Russia says it's pulling some troops back, Ukraine, West wants proof

Russia said on Tuesday (local time) some of its troops were returning to base after exercises near Ukraine and mocked Western warnings about a looming invasion, but NATO said it had yet to see any evidence of a de-escalation that could avert a military conflict.

Russia did not say how many units were being withdrawn, and how far, after a build-up of some 130,000 Russian troops to the north, east and south of Ukraine that has triggered one of the worst crises in relations with the West since the Cold War.

German Chancellor Olaf Scholz said after meeting President Vladimir Putin in the Kremlin that the withdrawal of some Russian troops was a good sign.

Others were more cautious. British Prime Minister Boris Johnson said "the intelligence that we're seeing today is still not encouraging", and Ukraine said the reported pullback needed to be seen to be believed.

"If we see a withdrawal, we will believe in a de-escalation," Interfax Ukraine quoted Ukrainian Foreign Minister Dmytro Kuleba as saying.

NATO's chief welcomed signals from Russia in the past two days that it may be looking for a diplomatic solution but urged Moscow to demonstrate its will to act.

"There are signs from Moscow that diplomacy should continue. This gives grounds for cautious optimism. But so far we have not seen any sign of de-escalation on the ground from the Russian side," NATO Secretary-General Jens Stoltenberg told reporters.

He said Russia often left military equipment behind after exercises, creating the potential for forces to regroup.

At a joint news conference with Scholz, Putin referred only briefly to the troop moves and did not go into details.

Russia has always denied planning to invade Ukraine, saying it can exercise troops on its own territory as it sees fit. It has been pressing for a set of security guarantees from the West, including a guarantee that Ukraine will never join NATO.

Putin told reporters Russia would not be satisfied with talk that the former Soviet republic was not ready to join any time soon and was demanding that the issue be resolved now.

"As for war in Europe...about whether we want it or not? Of course not. That is why we put forward proposals for a negotiation process, the result of which should be an agreement on ensuring equal security for everyone, including our country," he said.

Scholz said the diplomatic possibilities were far from exhausted.

"For us Germans but also Europeans, sustainable security can only be reached .. with Russia. Therefore it should be possible to find a solution. No matter how difficult and serious the situation seems to be, I refuse to say it is hopeless," he said.

In a separate development, Russia's lower house of parliament voted to ask Putin to recognise two Russian-backed breakaway regions in eastern Ukraine as independent.

Recognition of the self-declared Donetsk and Luhansk People's Republics could kill off the Minsk peace process in east Ukraine, where a conflict between government forces and Moscow-backed separatists has killed 15,000 people.

Asked about the move, Putin said the regions' problems should be solved on the basis of the Minsk agreements, which were signed in 2014 and 2015 but have never been implemented.
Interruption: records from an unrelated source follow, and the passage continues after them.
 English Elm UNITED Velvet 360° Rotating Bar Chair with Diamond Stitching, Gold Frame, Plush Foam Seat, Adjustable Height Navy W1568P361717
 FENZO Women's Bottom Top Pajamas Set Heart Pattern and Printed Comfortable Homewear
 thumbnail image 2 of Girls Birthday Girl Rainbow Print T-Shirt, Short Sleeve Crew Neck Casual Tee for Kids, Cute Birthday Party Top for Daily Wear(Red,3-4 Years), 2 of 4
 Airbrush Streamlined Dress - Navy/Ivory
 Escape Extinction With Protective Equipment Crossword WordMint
Scholz said all sides should stick to those accords.


Russia's show of force near Ukraine's borders has prompted months of frantic Western diplomacy and drawn threats of severe sanctions if it invades, culminating in a crescendo of U.S. and British warnings in recent days that this could happen at any time.

"In terms of the timing of an attack, it could be imminent," British Foreign Secretary Liz Truss said on Tuesday. She said Russian troops could reach Ukraine's capital Kyiv "very, very quickly".
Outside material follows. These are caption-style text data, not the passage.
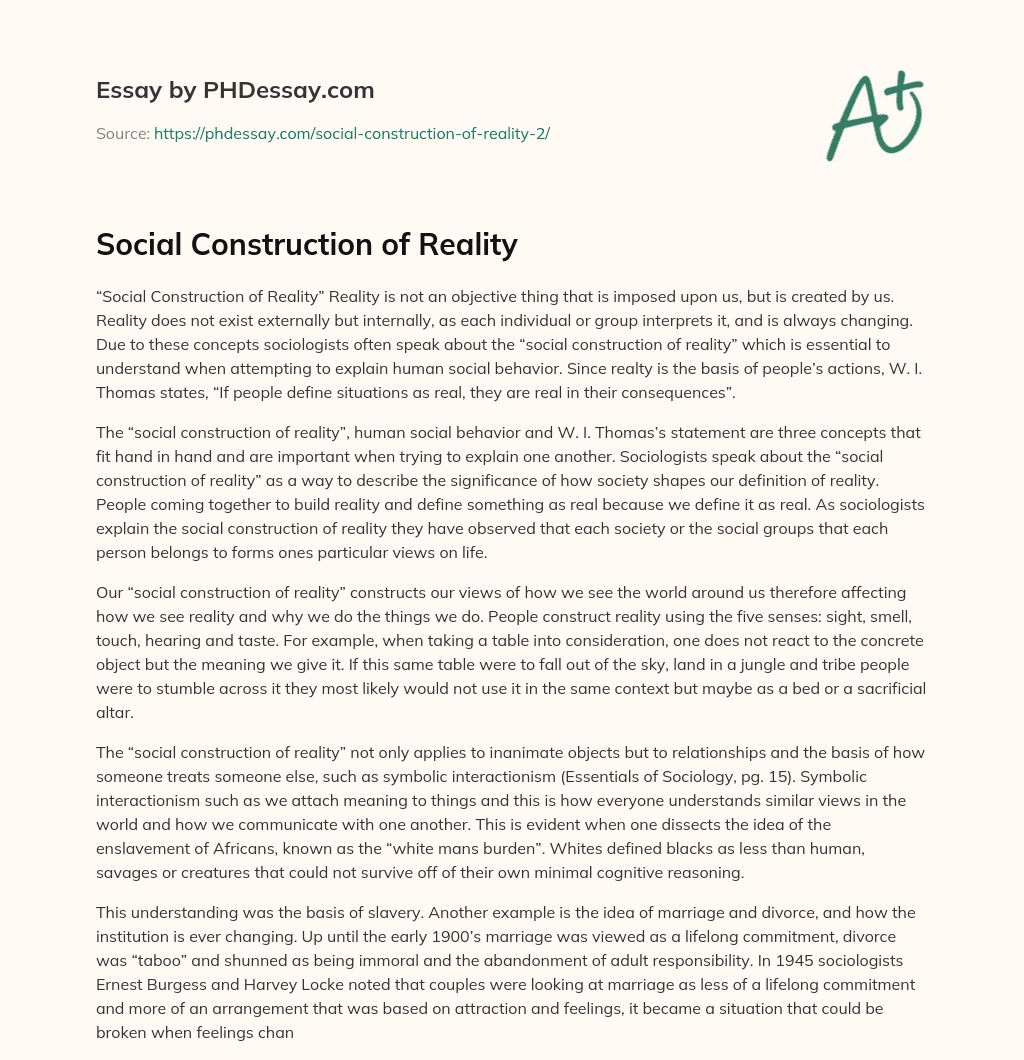 Social Construction of Reality essay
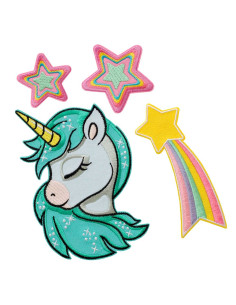 Applicatie, Patch, Strijkapplicatie: Einhorn turquoise set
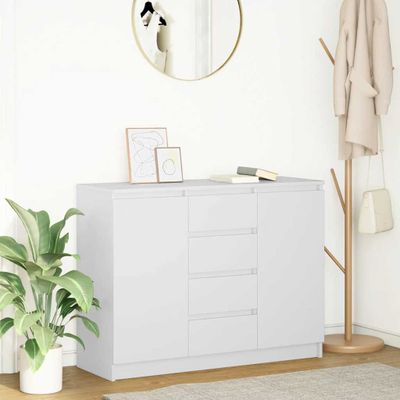 vidaXL Komoda so zásuvkami, biela 100,5x35x76 cm, kompozitné drevo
France said it had yet to confirm the return of some troops to bases, though this would be a positive sign.

Russian shares, government bonds and the rouble, which have been hit by fears of impending conflict, rose sharply, and Ukrainian government bonds also rallied. Oil dropped more than 3% from a seven-year high reached on Monday.
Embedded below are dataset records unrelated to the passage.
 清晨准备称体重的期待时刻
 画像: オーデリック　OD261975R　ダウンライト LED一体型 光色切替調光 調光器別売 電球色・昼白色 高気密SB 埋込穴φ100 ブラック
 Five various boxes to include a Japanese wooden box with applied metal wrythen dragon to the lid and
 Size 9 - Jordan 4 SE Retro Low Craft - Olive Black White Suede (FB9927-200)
The Kremlin sought to portray the moves as proof that Western talk of war had been both false and hysterical.

"February 15, 2022 will go down in history as the day Western war propaganda failed. Humiliated and destroyed without a single shot fired," Foreign Ministry spokeswoman Maria Zakharova said.

Russia's defence ministry published footage showing tanks and other armoured vehicles being loaded onto railway flatcars. But Western military analysts said they needed more information to judge the significance of the latest troop movements.

"One should maintain an air of cautious scepticism," said Henry Boyd of the International Institute for Strategic Studies in London. "There have been past discrepancies between Russia's official announcements and its actions on the ground."

Konrad Muzyka, director of the Poland-based Rochan consultancy, told Reuters it would take several days to verify the latest moves via satellite imagery.

"It should also be noted that new trains with equipment from Central Russia keep on arriving near the border and that Russian forces continue to move towards staging areas. The announcement stands in a direct opposition to what Russia has been doing for the past few days," he said.

Commercial satellite images taken on Sunday and Monday showed a flurry of Russian military activity at several locations near Ukraine, includig large deployments of troops and attack helicopters, and warplanes moving to forward locations.